Sugar Sugar – The Archies
(not Westerberg, but Semisonic + Mary Lou Lord covered it)

And yes, I can sing along each words to all of those songs, a holdover from being 11 and fervently riding my bike to softball practice with my huge pastel Walkman and my parent-approved tunes. I had a tough time once junior high started.

So it’s all just fluff and bubblegum delight, and there’s a place for that in my life, but if we’re gonna be honest, that initial classified ad profoundly changed the face of music — and one could argue for the worse. Sometimes I look at the landscape of recent years and find the ideas of everything from Making The Band to The Spice Girls to the INXS replace-our-dead-singer-on-television contest to be a bit appalling. Sure, it’s a free market, but it’s also prostituting out music to the highest bidder based on looks and sparkle, and not necessarily the quality of the music. Hey, hey, we’re the Monkees.

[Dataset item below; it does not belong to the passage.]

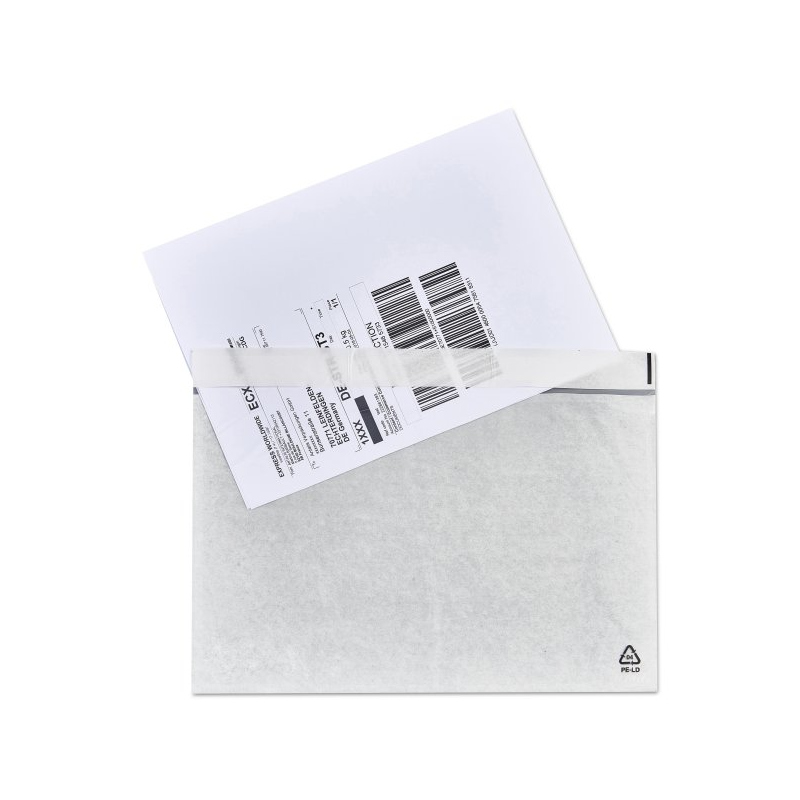 Pašlīmējoša kabata A5 dokumentiem 240x165+15mm DE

[a debt is owed to the excellent Performing Songwriter magazine for their piece last year called “Bands On The Rerun.” This is part of the XPN Memorable Moments In Music series.]

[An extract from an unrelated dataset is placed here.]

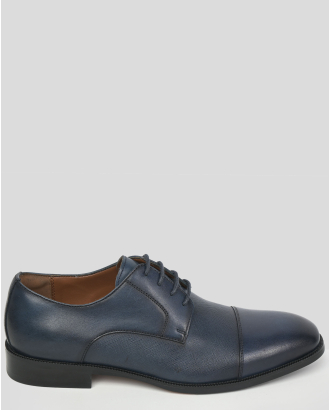 ТЪМНОСИНИ КЛАСИЧЕСКИ ОБУВКИ ОТ 100% ЕСТЕСТВЕНА КОЖА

  • If it was a choice between not having “The last train from Clarksville’ or keeping its jangling lover’s glory in the firmament, to be rid of of the made for tv stuff, then what would you do?

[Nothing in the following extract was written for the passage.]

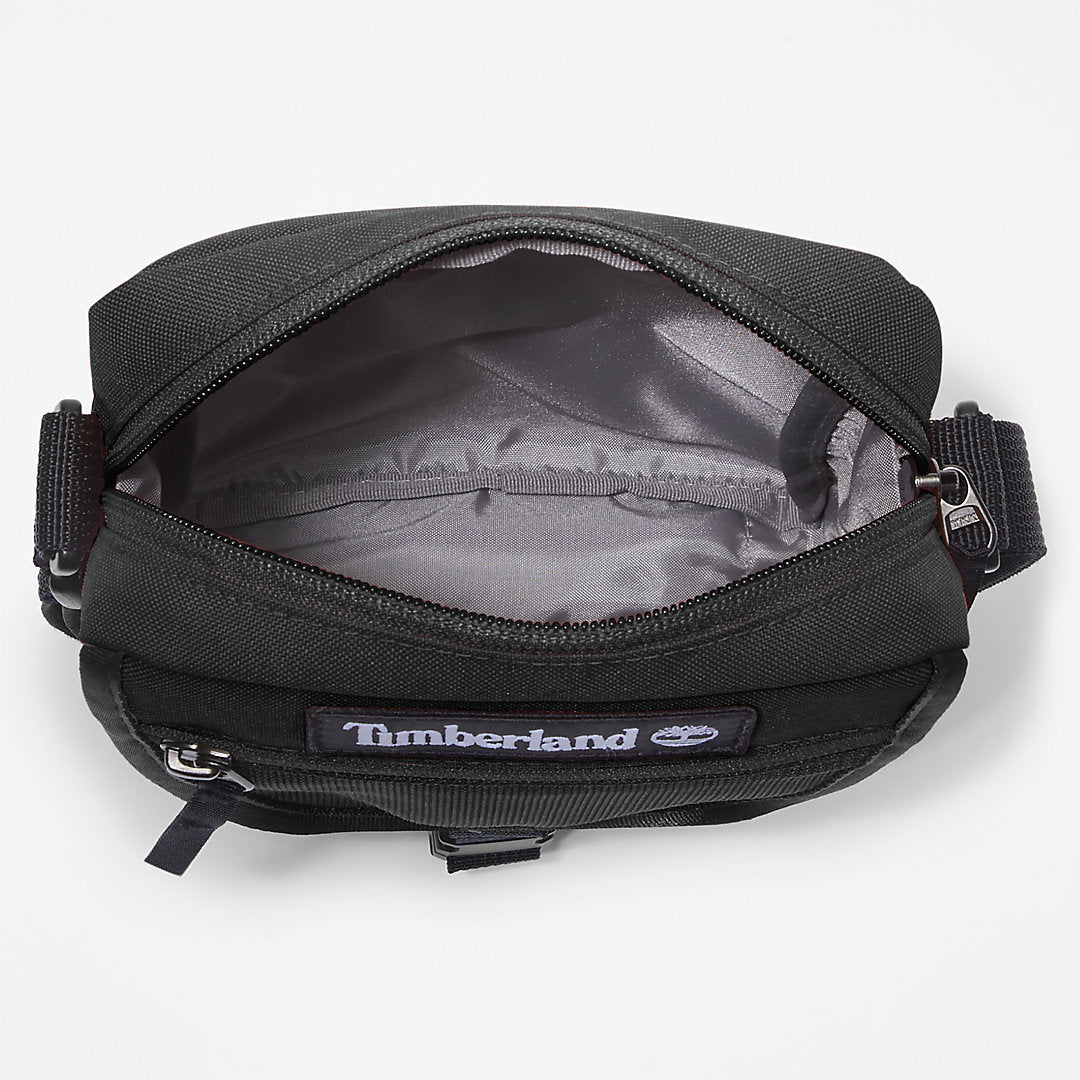 Timberland Mens Outdoor Archive Crossbody Bag in Black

    Those monkees knew how to play.

    russell — August 31, 2007 @ 3:18 am

  • Oh I’d take The Monkees over no Monkees, and I don’t want to get too serious about it, other than to say it did have a profound impact. If it hadn’t been them, it would’ve been something else to start the trend. I kinda think the quality of the output is getting worse as we go along.

    And you get ten points for using the words “jangling lover’s glory in the firmament”.

    heather — August 31, 2007 @ 5:37 am

  • No shame in your game. I was into all this stuff in Jr. high. My friend was in love with the Archies so she made me a tape of all their songs and I didn’t have much else to listen to. That’s also when the Monkees had their revival so I knew all their songs too. Thanks for posting. :)

    Maulleigh — August 31, 2007 @ 6:44 am

  • I don’t know if you know this, but Charles Manson auditioned for The Monkees. Imagine an alternate history where he actually got the job!!! Stranger things have happened…but the again…

    Anonymous — August 31, 2007 @ 9:30 am

  • Sorry to burst Anonymous’ bubble, but says that Charles Manson never auditioned for the Monkees…

    Onestar — August 31, 2007 @ 9:56 am

  • The Monkees were my first television and musical memories as a child. >sigh<

    Mick — August 31, 2007 @ 11:24 am

  • I’ve seen or heard something about The Monkees every day for like, the last two weeks. I think we’re on the cusp of something.

    not really

    aikin — August 31, 2007 @ 7:05 pm

  • The Monkees were a great band and still underestimated by all that dont know them intimately enough. The constant flow of rare material from Rhino in the last year or so shows that they are more than just a nostalgic trip for many music fanss out there including myself. Their albums are no more patchy than say the Byrds and when they were good they were as good as anything around. Mike Nesmith was the truest musician in the band and
    his various recordings on their albums are nearly always brilliant. Quality literate songs boasting brilliant playing from the Dillards, Red Rhodes and Nashvilles finest Area Code 615 and stunning and innovative production from the man himself. Nesmith is credited as inventing country rock during his time with the Monkees and his solo albums that followed are one brilliant album after another.
    By the third Monkees album Headquarters the band had taken musical control of the albums and both that album and Pisces Aquarius Capricorn and Jones Ltd are as good as any sixties albums from that time. Micky Dolenz is surely one of the best pop vocalists ever. Jimi Hendrix who toured supporting them (at the bands insistance) was a fan as was Frank Zappa. It was Stephen Stills who famously failed the audition to join the band…because he had bad teeth.
    And lets not forget the Monkees film Head, a brilliant deconstruction of their manufactured beginnings..the film opens with the band comitting suicide by jumping of the golden gate bridge and remains for me the best psychedelic movie by a clear mile. Dont make the mistake of putting them on the same page as the Archies or the Partridge Family.. they are so much realer than that….and yes everything they have done after they reformed in the 80′s is junk…but i still say the Monkees are a very important band that deserve your attention.
    Well thats my peeny’s worth anyhoo
    Mick D

    Anonymous — September 1, 2007 @ 5:10 pm

  • I grew up with the Monkees second hand via summer reruns. My first concert was a Monkees reunion show sans Mike Nesmith. I’ve met a number of people in their thirties who can say the same thing. I think the thing that sets the Monkees apart from the top 40 pap was that they had really good songwriters. Yeah, they were manufactured fluff, but it was good fluff.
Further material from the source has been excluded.